We also need to worry about operator precedence, e.g.:

- In C-like languages, in the expression ``1 + 2 * 4`` ``*`` is done before
  ``+``. But in the expression ``(1 + 2) * 4``, ``+`` is done before ``*``.

  Note that in Lisp, the order of operations is always explicit, e.g. ``(+ (*
  2 4))`` and ``(* (+ 1 2))``.

  The SmallTalk language is one of the few languages that don't follow the
  traditional operator precedence rules of arithmetic. In SmallTalk, an
  expression like ``2 + 3 * 5`` evaluates to 25 since the operators are
  evaluated in the order they occur. This is a consistent use of SmallTalk's
  function-calling rules, but for many programmers it is a source of errors
  and annoyance.

- In an expression like ``2 * 3 * 0``, a language must decide which ``*`` is
  evaluated first, i.e. is the expression that same as ``(2 * 3) * 0`` or ``2
  * (3 * 0)``. In mathematics, there is no difference, but it could matter in
  computer arithmetic where expressions might over-flow or underflow

  For example, suppose we are doing 8-bit integer arithmetic where the maximum
  value is 127. Then consider these two expressions::

    (-100 + 100) + 100  // equals 100, no overflow

    -100 + (100 + 100)  // equals 100, overflow

  Both expressions have the same value in the mathematical sense, and, indeed,
  in Go_ (and many other languages) they evaluate to the same thing. But
  there's an important difference: the second expression has an *overflow*
  because ``100 + 100`` results in a value bigger than 127. But there is no
  overflow in the first expression.


Operand Evaluation Order
------------------------

Consider this Go_ code::

    func one() int {
        fmt.Println("one")
        return 1
    }

    func two() int {
        fmt.Println("two")
        return 2
    }

    func add(x, y int) int {
        return x + y
    }

    func main() {
        a := add(one(), two())  // Is one() evaluated before two()?

        fmt.Println(a)
    }

`The Go spec <http://golang.org/ref/spec#Order_of_evaluation>`_ promises that
in the function call ``add(one(), two())``, ``one()`` will be evaluated before
``two()``.


Function Side Effects
---------------------

A function is said to cause a **side-effect** if it modifies some value
outside of the function. For example::

    func one() int {
        fmt.Println("one")  // side effect
        return 1
    }

Printing is a very useful side effect, but often side effects cause confusing
behaviour. For example::

    var a int = 5

    func f(n int) int {
        a++           // side effect
        return n + 1
    }

    func main() {
        fmt.Println(a + f(2))  // 9
        fmt.Println(a + f(2))  // 10
    }

This shows that a simple side-effect in ``f`` causes the ``a + f(2)`` to
evaluate differently depending on how many times ``f`` is called.  This can
make it very hard to reason about the behaviour of expressions.
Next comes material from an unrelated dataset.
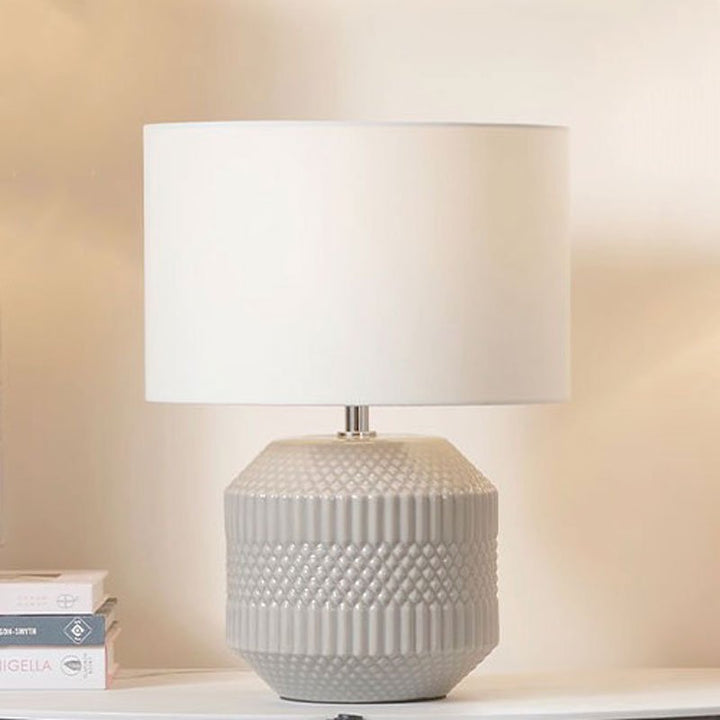 Meribel Grey Geo Textured Table Lamp with Shade1 - Duck Barn Interiors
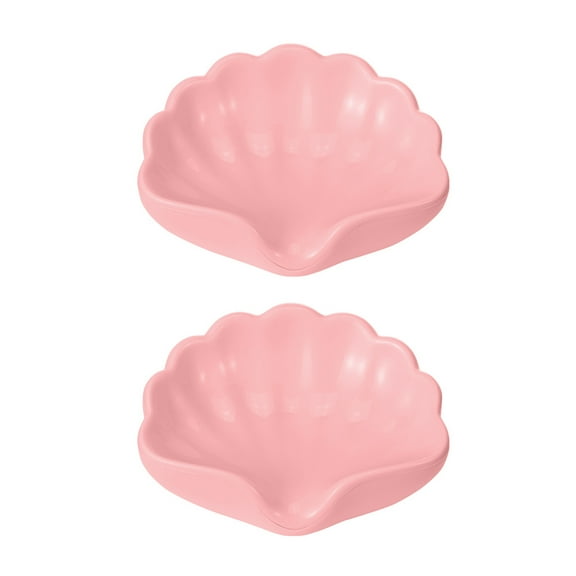 Shoreew 1/2Pcs Soap Box Shell Shaped Drain-Free Soap Tray Compact Size Plastic Automatic Drainage Function Bathroom Soap Rack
Traditional mathematical functions do not have side-effects, and so don't
suffer from this kind of problem. One of the tenets of functional programming
is that functions should not have side-effects precisely to avoid this sort of
weird behaviour. The problem with this, though, is that it also erases the
benefit of useful side-effects like printing to the screen, reading and
writing files, or accessing the web.


Referential Transparency
------------------------

A functions is said to be **referentially transparent** if the function always
returns the same output when given the same input. For instance::

    func twice(x int) int {  // a referentially transparent Go function
        return 2 * x
    }

The ``twice`` function is referentially transparent because if you pass it
``a``, it always return ``a + 1``. It's value depends only on the input to the
function any nothing else.

Here's a function that's not referentially transparent::

    var count int

    func next() int { // a Go function that is not referentially transparent 
        count++
        return count
    }

Every time you call ``next()``, you get a different result. Thus ``next()`` is
not referentially transparent.

Another example of a kinds of function that **isn't** referentially
transparent is any function that, for instance, reads data from a file or from
the user. For instance, Python has a function called ``raw_input(prompt)``
that prints the string ``prompt`` and the copies whatever string the user
types next.

Type Conversions
----------------

Converting between data types in programming is an important operation, and it
is useful to distinguish between, at least, two kinds of conversions among
numeric types. 

A **narrowing conversion** is when you convert one type to a "smaller" type.
For instance, consider this code::

  var x float64 = 8
  fmt.Println(float32(x))  // narrowing conversion; prints 8

``float32(x)`` is a narrowing conversion because it is taking a 64-bit value
and stuffing it into a 32-bit value. So 32-bits are lost. In this case, all
the lost bits are 0s, and so there is no problem, but in general converting
from 64-bits to 32-bits loses information and so is unsafe.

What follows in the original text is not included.